Return exactly the lines from the "Herculaneum shopper bag" line through the last line of the entries below. Include no pictures.
--
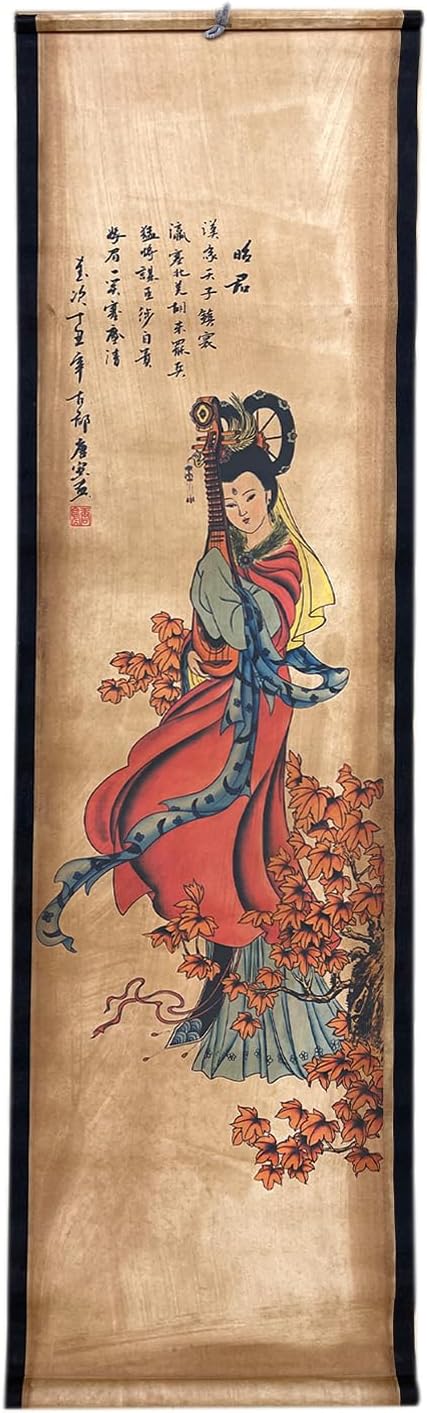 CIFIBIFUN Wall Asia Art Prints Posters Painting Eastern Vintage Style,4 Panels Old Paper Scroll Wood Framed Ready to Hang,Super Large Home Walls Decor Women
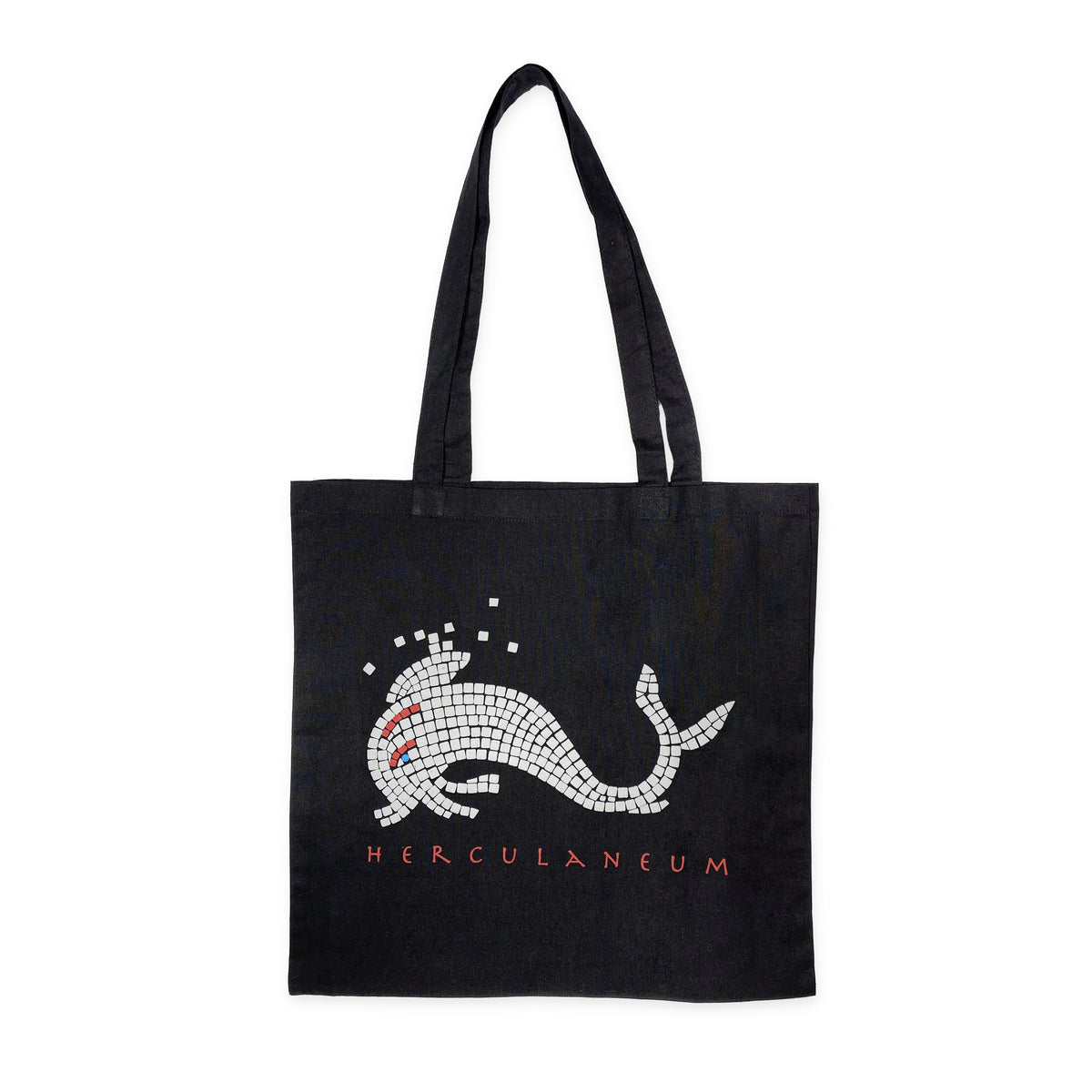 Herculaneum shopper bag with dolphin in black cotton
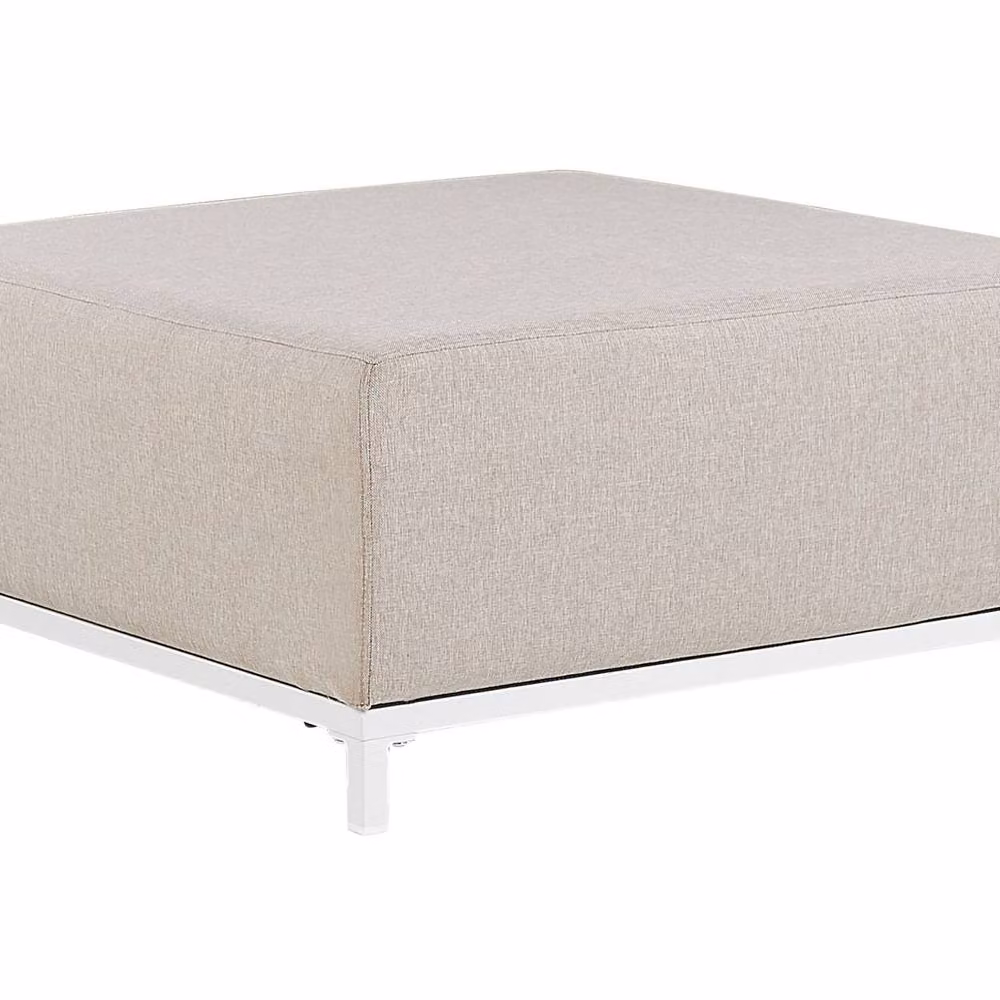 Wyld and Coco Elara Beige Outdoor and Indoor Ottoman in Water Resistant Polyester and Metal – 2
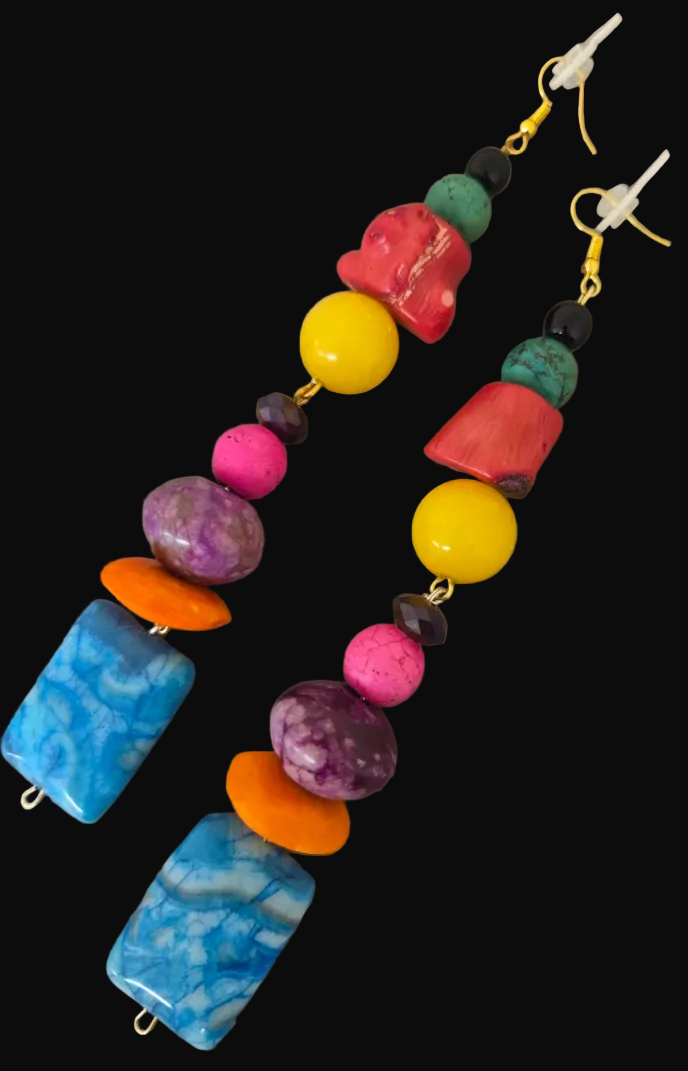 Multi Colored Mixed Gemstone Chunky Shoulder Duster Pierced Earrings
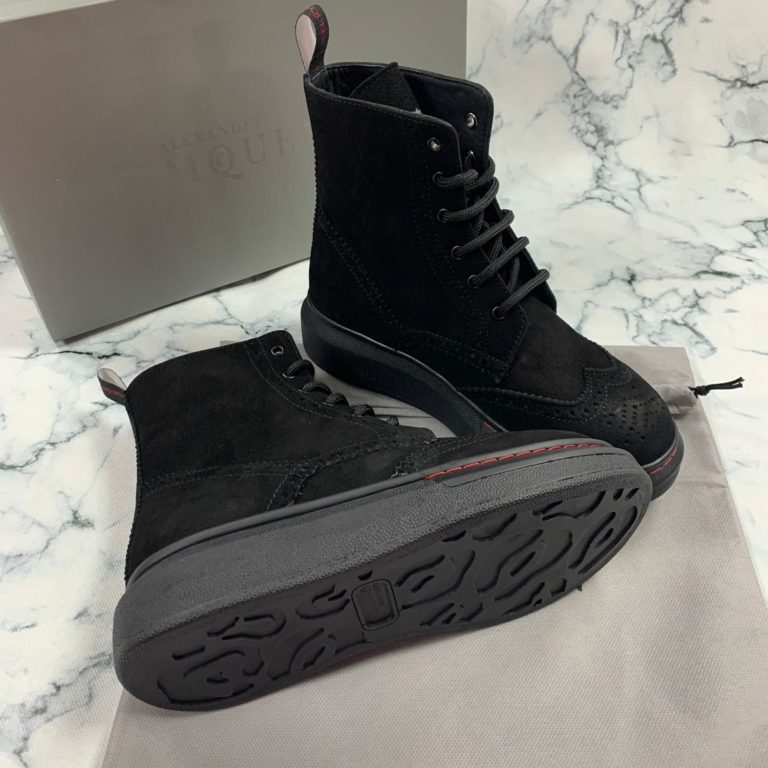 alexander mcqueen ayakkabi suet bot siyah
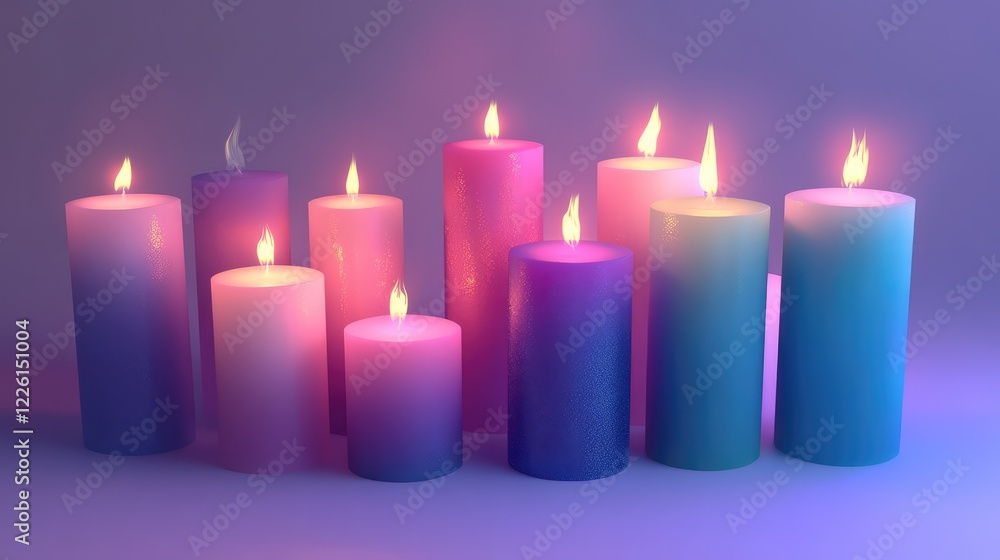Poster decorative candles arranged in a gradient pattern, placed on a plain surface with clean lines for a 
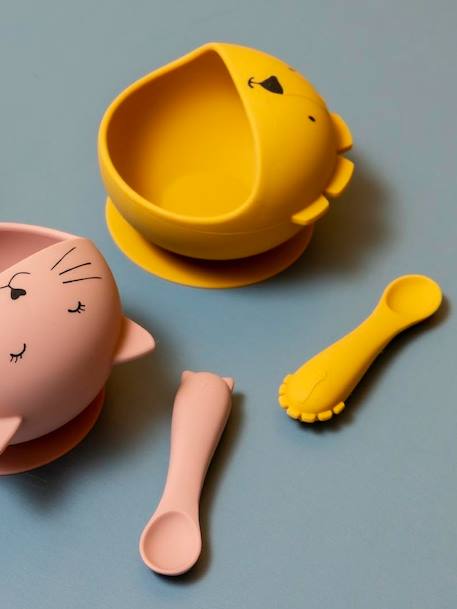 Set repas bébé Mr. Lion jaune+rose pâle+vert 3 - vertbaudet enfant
--
* TASK ANSWER:
 Herculaneum shopper bag with dolphin in black cotton
 Wyld and Coco Elara Beige Outdoor and Indoor Ottoman in Water Resistant Polyester and Metal – 2
 Multi Colored Mixed Gemstone Chunky Shoulder Duster Pierced Earrings
 alexander mcqueen ayakkabi suet bot siyah
Poster decorative candles arranged in a gradient pattern, placed on a plain surface with clean lines for a 
 Set repas bébé Mr. Lion jaune+rose pâle+vert 3 - vertbaudet enfant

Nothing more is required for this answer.